Cammie Morgan is a student at the
Gallagher Academy for Exceptional Young Women, a fairly typical
all-girls-school-that is, if every school taught advanced martial arts in PE
and the latest in chemical warfare in science, and students received extra
credit for breaking CIA codes in computer class. The Gallagher Academy might
claim to be a school for geniuses but it’s really a school for spies. Even
though Cammie is fluent in fourteen languages and capable of killing a man in
sever different ways, she has no idea what to do when she meets an ordinary boy
who thinks she’s an ordinary girl. Sure, she can tap his phone, hack into his
computer, or track him through town with the skill of a real “pavement
artist”—but can she maneuver a relationship with someone who can never know the
truth about her?
Cammie Morgan may be an elite
spy-in-training, but in her sophomore year, she’s on her most dangerous
mission—falling in love.
You know
when you read a book and you know that only a total
teeny-bopper-hopeless-romantic-uber-girl
should like such a book?

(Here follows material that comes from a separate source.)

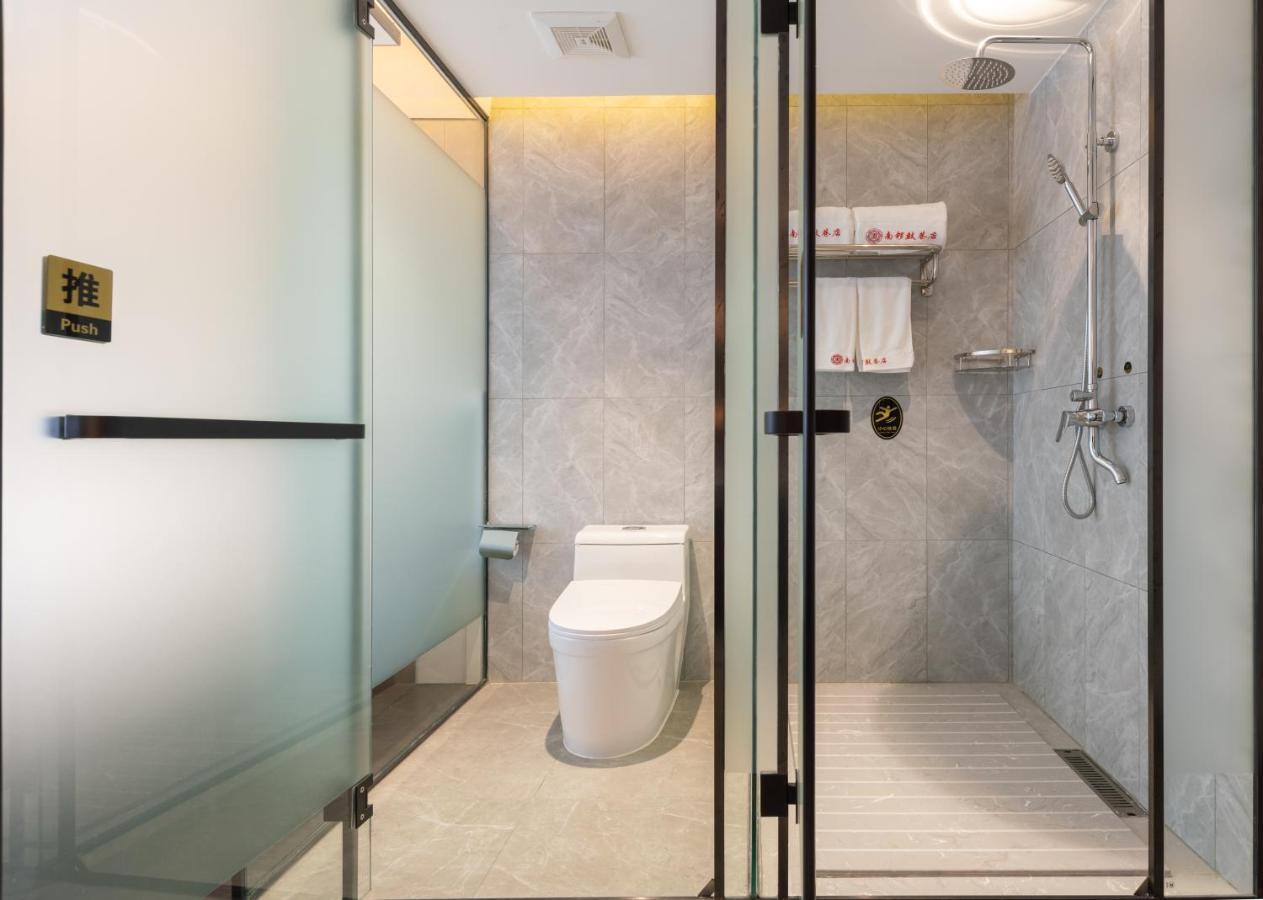Beijing Tangfu Hotel - Located In The City Center Adjacent To The Subway Station Close To Nanluoguxiang Gulou Lama Temple Tiananmen Square Forbidden City Temple Of Heaven Providing Laundry Car Rental And Ticketing Services Buitenkant foto
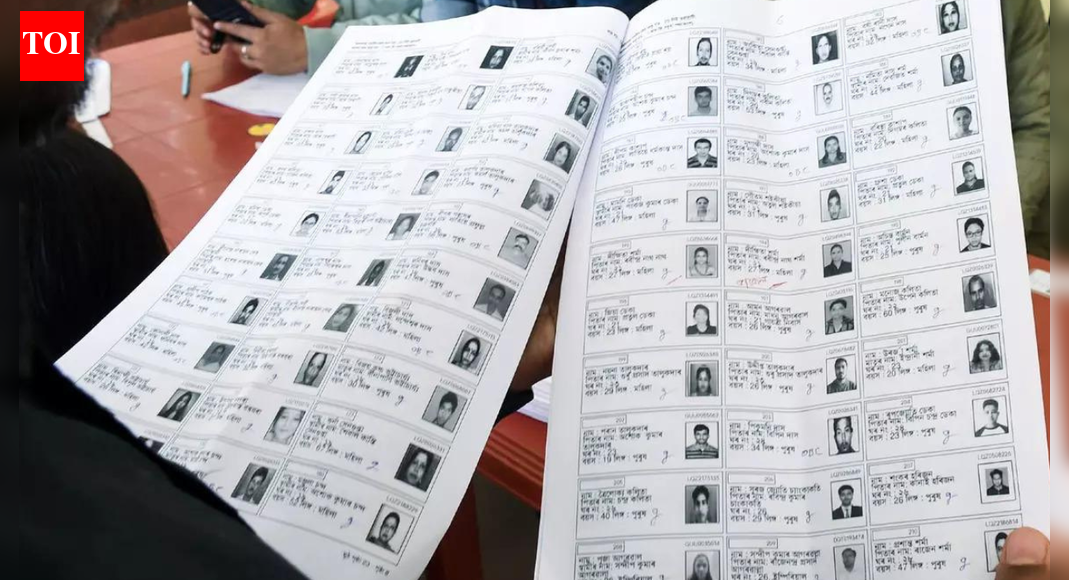 How many deleted over citizenship from rolls: SC to EC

And then you realize that you’re 23 and apparently
fall under that category because of how much you adore said book? Well I’d Tell You I Love You, But Then I’d Have
to Kill You is one such book for me. I won’t lie. I’ve kind of avoided the
Gallagher Girls series solely because it seemed a little too
girly-chick-flick-ish for me and because of my fear that I’d love it despite
such reasoning. I read Ally Carter’s Heist
Society and then I read her All Fall
Down and they were both really good, so I decided to finally give this one
a chance. And here I am, giving this book five stars because I absolutely loved
everything about it.
All the
details that were overkill for The Name
of the Star by Maureen Johnson, were on-point and just enough for this
book. No detail was out of place or unnecessary, and that’s what I love about
Carter’s work. She’s gives a lot of background detail and lingo like it’s
everyday small-talk, but in such a way that there’s no overkill! It was perfect
and I fell head over heels for the school, the world, and the characters.
I wish I
could have gotten to know Cammie’s classmates better because of the final exam.
These were her sisters in a mission and I wish I’d known them like sisters. The
stakes throughout the book could have also been higher, especially since the
book is a part of a series. While I loved Cammie’s desires to be a normal girl,
I still think there should have been more fear for the consequences. I was
never worried that, assuming Cammie got caught, that she’d ever be expelled or
given memory-erasing tea. I feared it more for her best friends, but not so
much for the headmasters’ daughter. You feel me? There could have been a
stronger motive behind Cammie’s desire to be normal of course, and there really
could have been some sort of minute plot to carry on through this book and into
all the others. These were all nit-picky things though because I though the
book was solid. A little bit too stand-alone, but super solid.